In the listing below, locate the line containing "Hey guys, welcome" and the line containing "So when you". Output both of them and every line between, exactly as written, and nothing more.

[[ Data provided open ]]

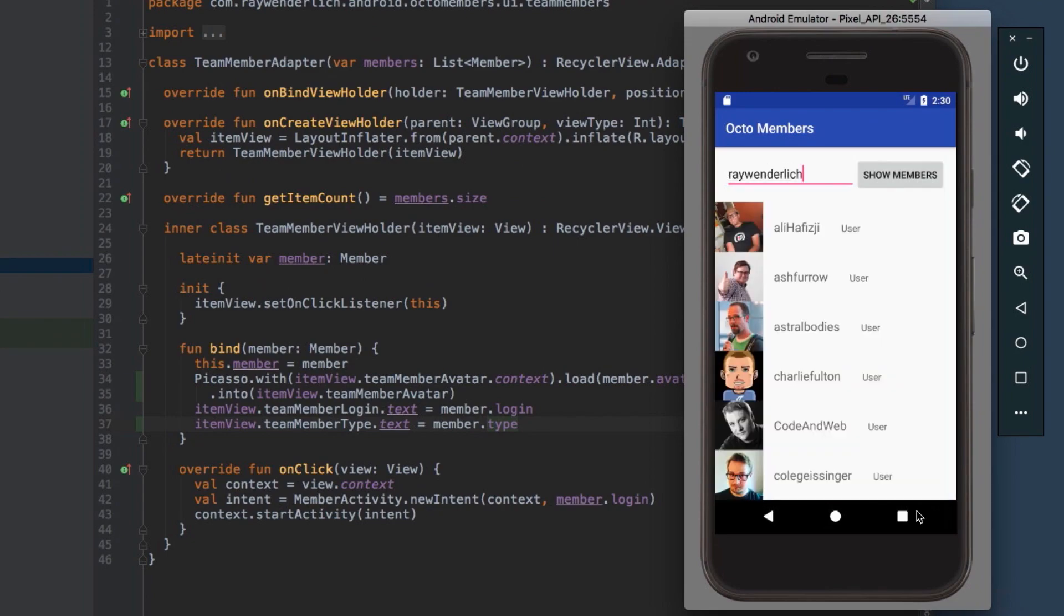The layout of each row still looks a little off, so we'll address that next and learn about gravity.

[[ Data provided closed ]]
[[ Data provided open ]]

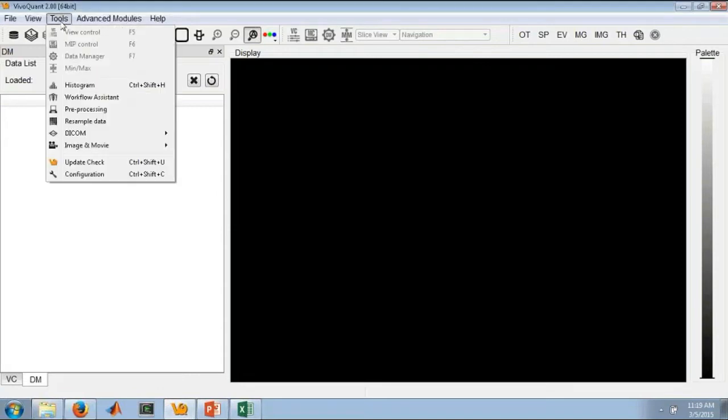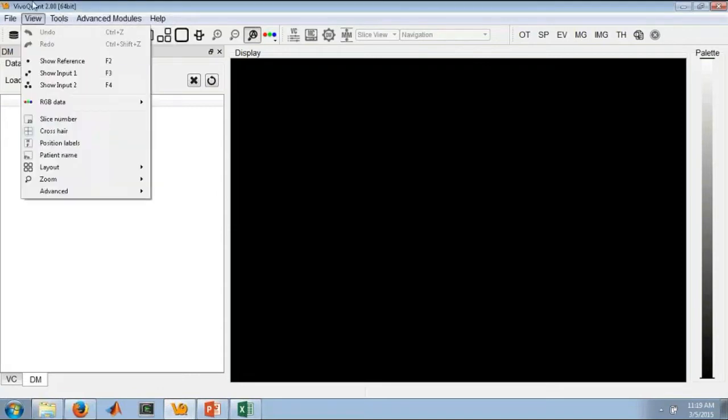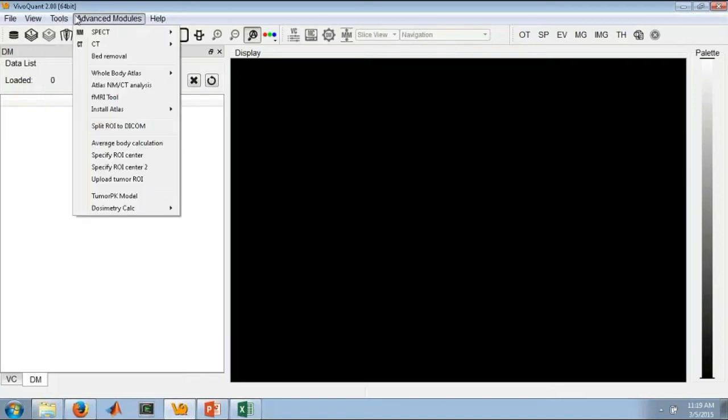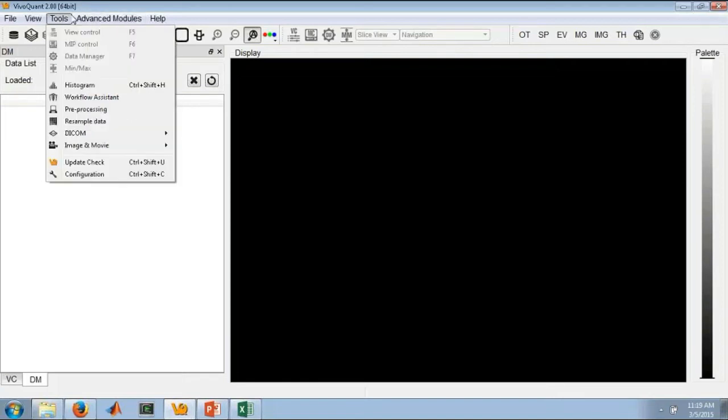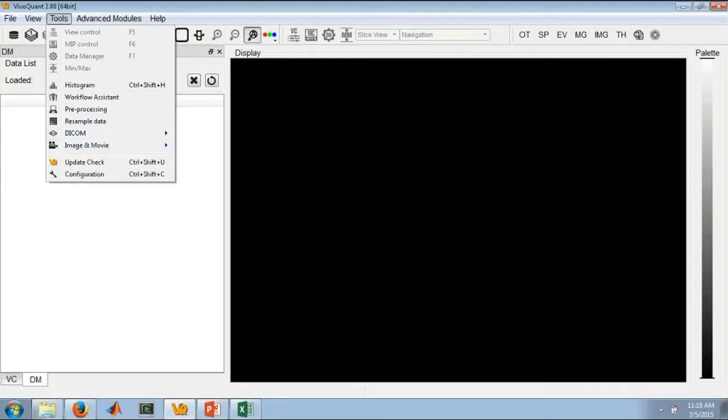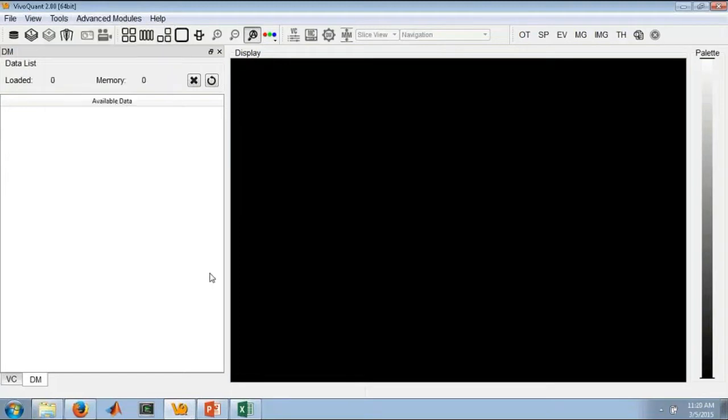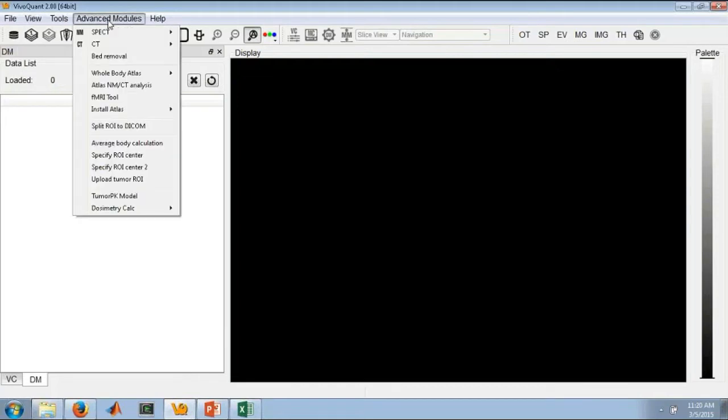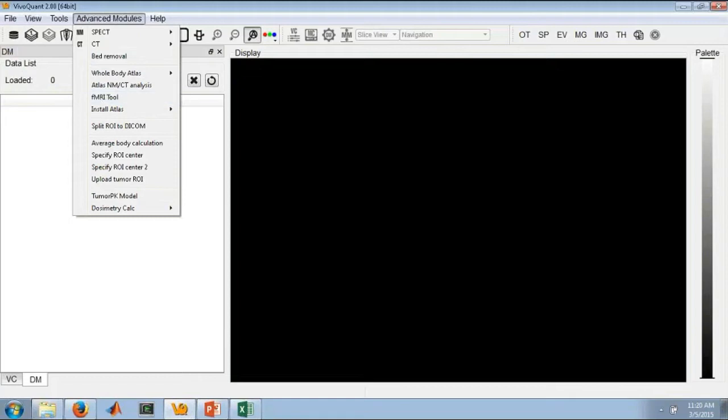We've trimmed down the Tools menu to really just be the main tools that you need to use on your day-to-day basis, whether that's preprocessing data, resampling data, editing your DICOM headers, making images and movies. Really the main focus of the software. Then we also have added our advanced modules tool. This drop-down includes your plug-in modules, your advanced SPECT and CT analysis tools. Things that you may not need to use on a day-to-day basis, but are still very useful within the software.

[[ Data provided closed ]]
[[ Data provided open ]]

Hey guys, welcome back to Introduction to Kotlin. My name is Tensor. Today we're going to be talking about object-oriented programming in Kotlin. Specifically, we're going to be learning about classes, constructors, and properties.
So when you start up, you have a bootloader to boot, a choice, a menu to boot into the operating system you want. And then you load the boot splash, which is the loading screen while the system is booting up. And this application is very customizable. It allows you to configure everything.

[[ Data provided closed ]]

• [Response to this exercise]
Hey guys, welcome back to Introduction to Kotlin. My name is Tensor. Today we're going to be talking about object-oriented programming in Kotlin. Specifically, we're going to be learning about classes, constructors, and properties.
So when you start up, you have a bootloader to boot, a choice, a menu to boot into the operating system you want. And then you load the boot splash, which is the loading screen while the system is booting up. And this application is very customizable. It allows you to configure everything.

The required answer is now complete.